Austin, TX – Drillinginfo, the leading energy SaaS and data analytics company, has released its latest FundamentalEdge series report, Restructuring Expectations. The report confirms the US remains on track to surpass Russia as leading global producer of crude oil by the end of this summer and drills down on what the current $65/Bbl price environment means for the industry and its investors. Restructuring Expectations also provide analysis on tariffs, OPEC compliance quotas, anticipated dry gas production increases and breakevens, LPG exports, as well as the continued impact on coal plant retirements and fuel switching.
“The new mantra within the oil and gas industry is exercising capital discipline by not spending more than their cash flows,” said Rob McBride, Senior Director of Market Intelligence at Drillinginfo. “This new self-funding principle runs parallel with smart growth strategies, decreasing leverage, and returning cash to shareholders. We’re pleased to showcase who that is in this report,” said McBride.
Key Takeaways from Drillinginfo’s latest FundamentalEdge report:
- Short-term dynamics are bullish and keeping commodity prices at healthy levels. Longer-term, demand is the limiting factor and will keep a ceiling on production growth and prices.
- Natural gas price expectations in 2019 and 2020 have been revised down and are now expected to average $2.60 per MMBtu. After 2021, gas prices are expected to return to a range of $2.65-$2.80 as LNG facilities, the lead contributor of gas demand, are placed in-service.

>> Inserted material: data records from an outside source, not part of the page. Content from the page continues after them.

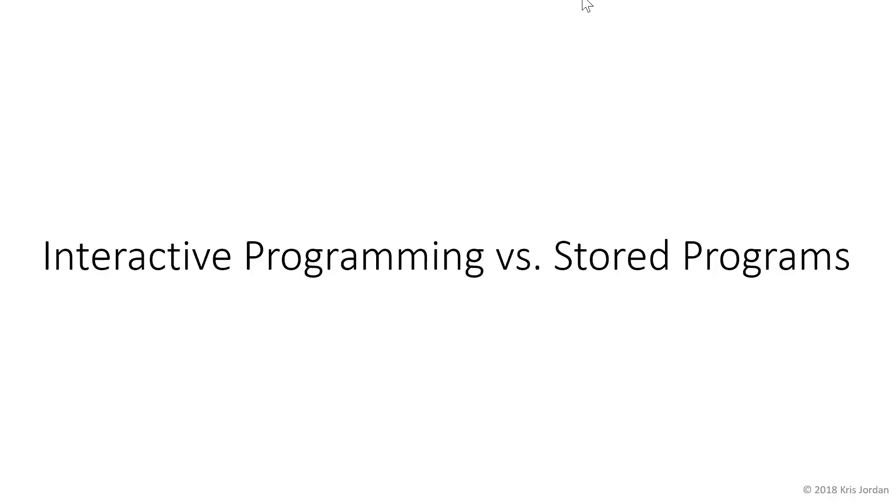In the language we're using in this course, and in any other interpreted programming language, there are two modes in which you can write programs: interactively or in stored programs.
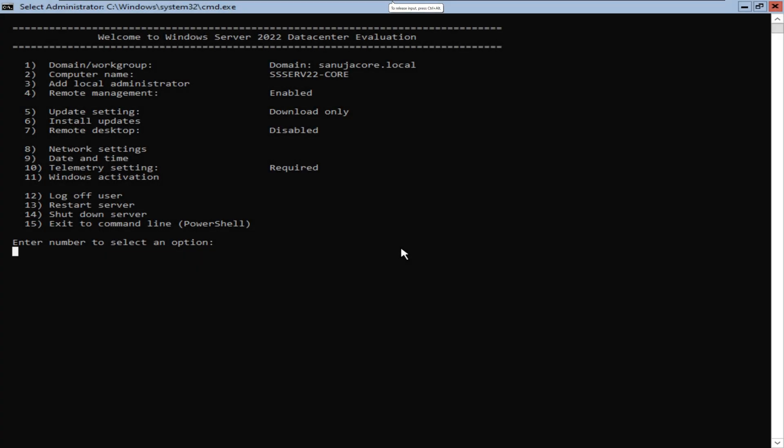In this demonstration, I will show you how you can remove the gateway IP address from a network adapter using PowerShell. This is useful on Windows Server Core Editions where you do not have access to a GUI based settings, so we need to use PowerShell to change these configurations.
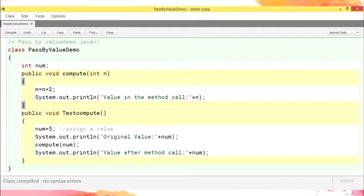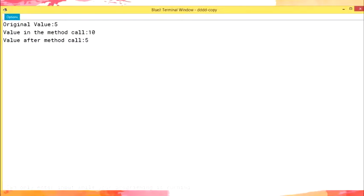Let us discuss in detail. As the figure shows, the value of the actual parameter num before the method call is 5. This value gets copied to the formal parameter n. When the compute method is invoked and the instructions inside are processed, the value of the formal parameter n changes to 10. However, the value of the actual parameter num remains the same — that is 5 — even after the method call. When you execute the testCompute method in BlueJ, you will see the output: original value 5, value in the method call 10, and value after the method call 5. The value of the actual parameter remains the same, as the method works on a copy of the variable. All primitive data types in Java are passed by value.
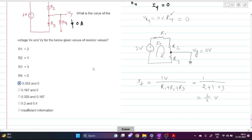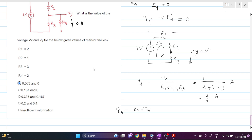The voltage drop across R1 will be R1 times this current, and Vy is 0 volts. The voltage drop across R3 is R3 times I_total, which equals this potential minus the potential at the other node VP. So V_R3 = 0 minus VP, giving us minus VP.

- For NGLs, the majority of production growth is expected to come from the Permian due to superior economics and proximity to market. We are likely to see the recent strength in prices continue for the next couple of years as several steam crackers come online, and pipeline capacity gets built to transport more liquids to export facilities and grow the US export market.
After Q1’18, oil and gas exploration and production companies are focused on living within cash flows, returning cash to shareholders, and reducing debt. Recent price increases have not yet prompted producers to increase 2018 capital plans after the first quarter, but we may see producers increase expenditure guidance for the second half as they look to capitalize on high prices – while battling service cost increases in the field.